# Apache Solr on Amazon Elastic Kubernetes Service
This repo contains sample configuration files to install [Apache Solr](https://solr.apache.org/) on [Amazon Elastic Kubernetes Service (EKS)](https://docs.aws.amazon.com/eks/latest/userguide/what-is-eks.html). It also contains some files required to run the demo. This repository walks through the installation and configuration of the following components-
- An Amazon EKS Cluster with three [managed node groups](https://docs.aws.amazon.com/eks/latest/userguide/managed-node-groups.html)
- An Apacle Solr cluster, also known as [SolrCloud](https://solr.apache.org/guide/8_10/solrcloud.html)
- A [Zookeeper ensemble](https://solr.apache.org/guide/8_10/setting-up-an-external-zookeeper-ensemble.html), required by SolrCloud
- [Apache Solr auto-scaler](https://solr.apache.org/guide/8_10/solrcloud-autoscaling-auto-add-replicas.html) to scale Solr replicas
- [Prometheus](https://prometheus.io/) to extract custom metrics from SolrCloud cluster, to be used by Horizontal Pod Autoscaler.
- [Horizontal Pod Autoscaler (HPA)](https://docs.aws.amazon.com/eks/latest/userguide/horizontal-pod-autoscaler.html) and [Cluster Autoscaler (CA)](https://docs.aws.amazon.com/eks/latest/userguide/cluster-autoscaler.html) for the EKS cluster to scale the Pods within the managed node groups and to scale the compute for the EKS Cluster respectively.
## Getting Started
### Pre-requisites
- An [AWS Account](https://console.aws.amazon.com/console/home).
- An [AWS Cloud9](https://aws.amazon.com/cloud9/) workspace. Setup a Cloud9 workspace following the instructions found [here](https://www.eksworkshop.com/020_prerequisites/workspace/)
- [Install Kubernetes tool eksctl, kubectl and AWS CLI](https://www.eksworkshop.com/020_prerequisites/k8stools/)
- [Create an IAM role](https://www.eksworkshop.com/020_prerequisites/iamrole/) for your Cloud9 workspace.
- [Attach the IAM role](https://www.eksworkshop.com/020_prerequisites/ec2instance/) to the Cloud9 workspace.
- [Update the IAM settings](https://www.eksworkshop.com/020_prerequisites/workspaceiam/) for your Cloud9 workspace.

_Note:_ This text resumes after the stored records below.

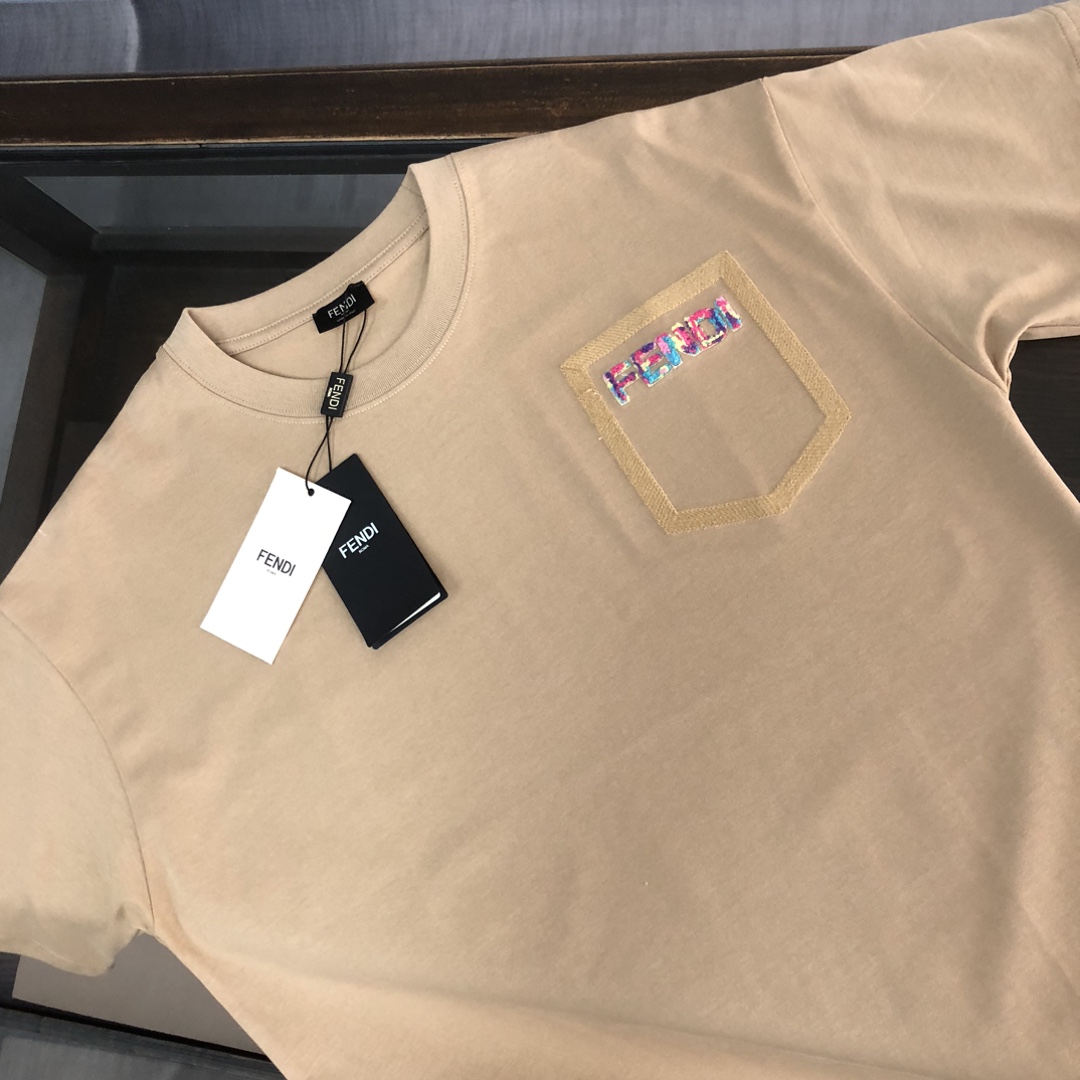 105💰  C✨FENDI 芬迪 24最新情侣款短袖T恤～面料上身舒适透气，不僵硬，修身的剪裁，采用高定定制纯棉面料！上身舒适有型，内搭单穿都完全没问题，时尚潮人必备！！！
颜色：黑色 白色 卡其
码数：XS S M L（宽松版型！下单请报身高体重）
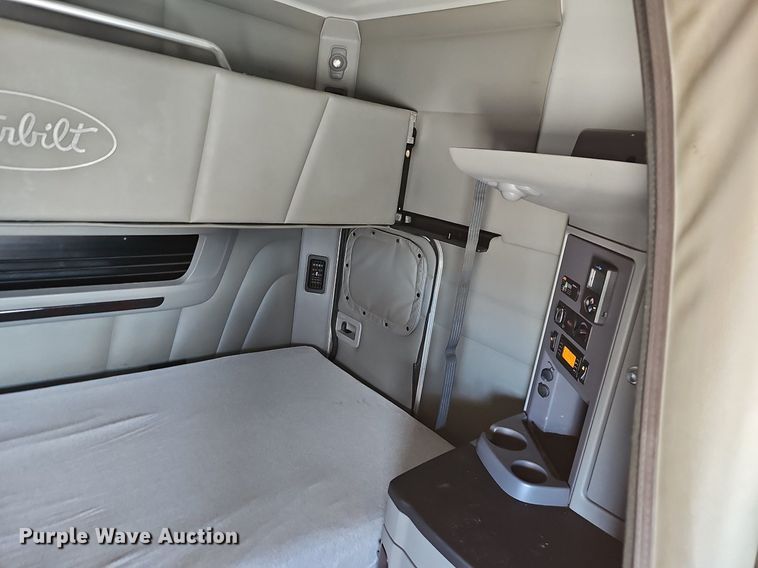 image for item EJ6041 2018 Peterbilt  579 semi truck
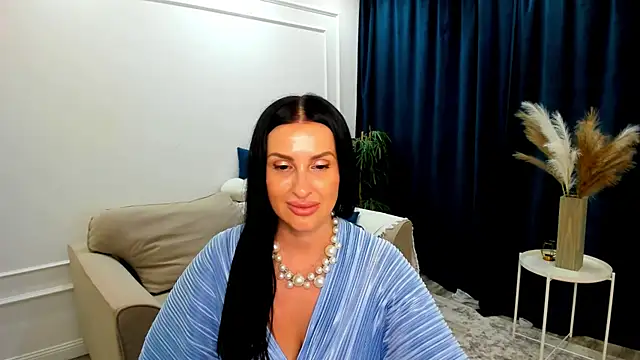 Chatroom XXX en direct de HoneyBlossome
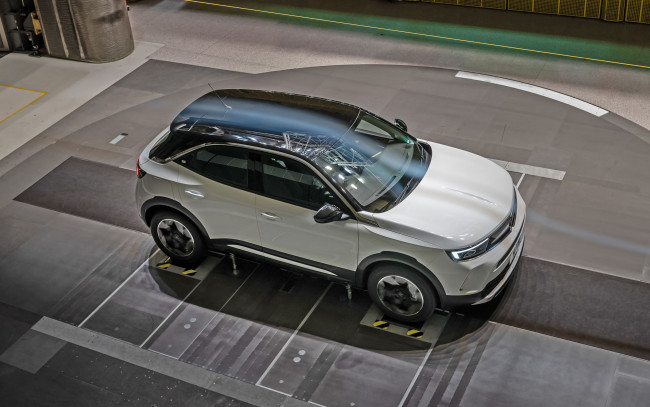 Обои картинки фото автомобили, vauxhall, 2021, mokka, кроссовер, аэродинамика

### Use the following steps to create the Solr environment
1. From a terminal in your Cloud9 workspace, clone this git repository and set the directory:
git clone apache-solr-k8s-main
cd apache-solr-k8s-main/config
2. Create an Amazon EKS cluster using. Note: replace `` with the AWS region you wish to deploy your EKS Cluster, for example `--region=us-west-2`.

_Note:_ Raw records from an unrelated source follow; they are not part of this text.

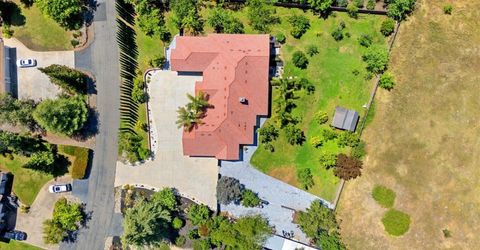 701 Sterling Ct, El Dorado Hills, CA 95762 Photo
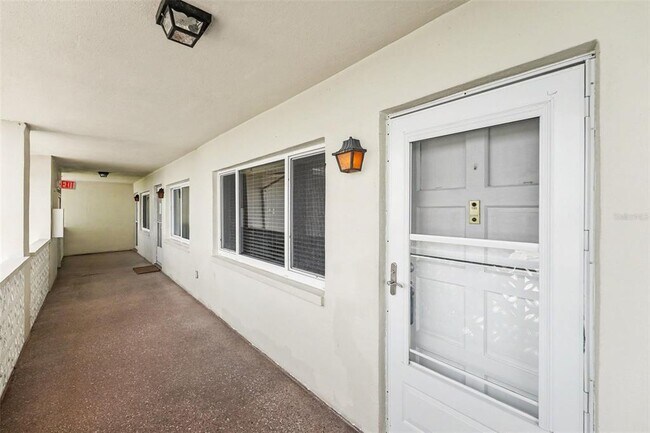 Building Photo - 1235 S Highland Ave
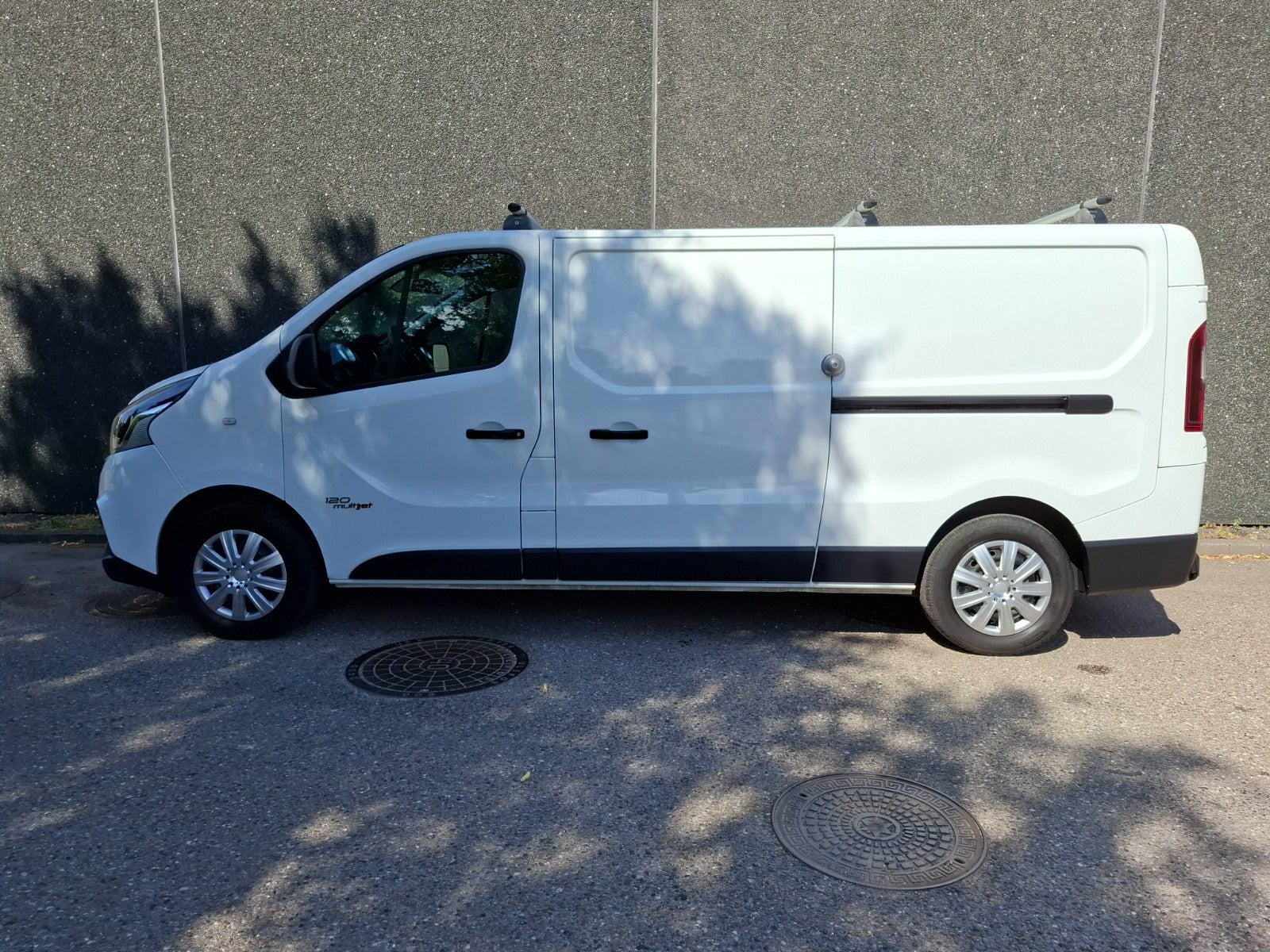 Hvid Fiat Talento fra 2016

eksctl create cluster --version=1.21 \
--name= solr8demo \
--region= \
--node-private-networking \
--alb-ingress-access \
--asg-access \
3. Create the Managed Node Groups in private subnets within the cluster using:
> :warning: The managed node groups config file uses EC2 instance type `m5.xlarge` which is not free tier eligible.

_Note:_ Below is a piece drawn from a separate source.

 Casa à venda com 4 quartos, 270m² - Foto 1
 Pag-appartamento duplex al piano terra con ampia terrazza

> Thus, your AWS account may also incur charges for EC2. For pricing details of Amazon Elastic Kubernetes Service refer the [Amazon EKS pricing page](https://aws.amazon.com/eks/pricing/).
eksctl create nodegroup -f managedNodegroups.yml
4. Setup the Helm charts, and install [Prometheus](https://github.com/prometheus-community/helm-charts):
curl -sSL https://raw.githubusercontent.com/helm/helm/master/scripts/get-helm-3 | bash
helm repo add stable https://charts.helm.sh/stable/
helm repo add prometheus-community https://prometheus-community.github.io/helm-charts
helm repo update
5. Install Kubernetes Metrics Server
kubectl apply -f https://github.com/kubernetes-sigs/metrics-server/releases/latest/download/components.yaml
Verify that the metrics-server deployment is running the desired number of pods with the following command.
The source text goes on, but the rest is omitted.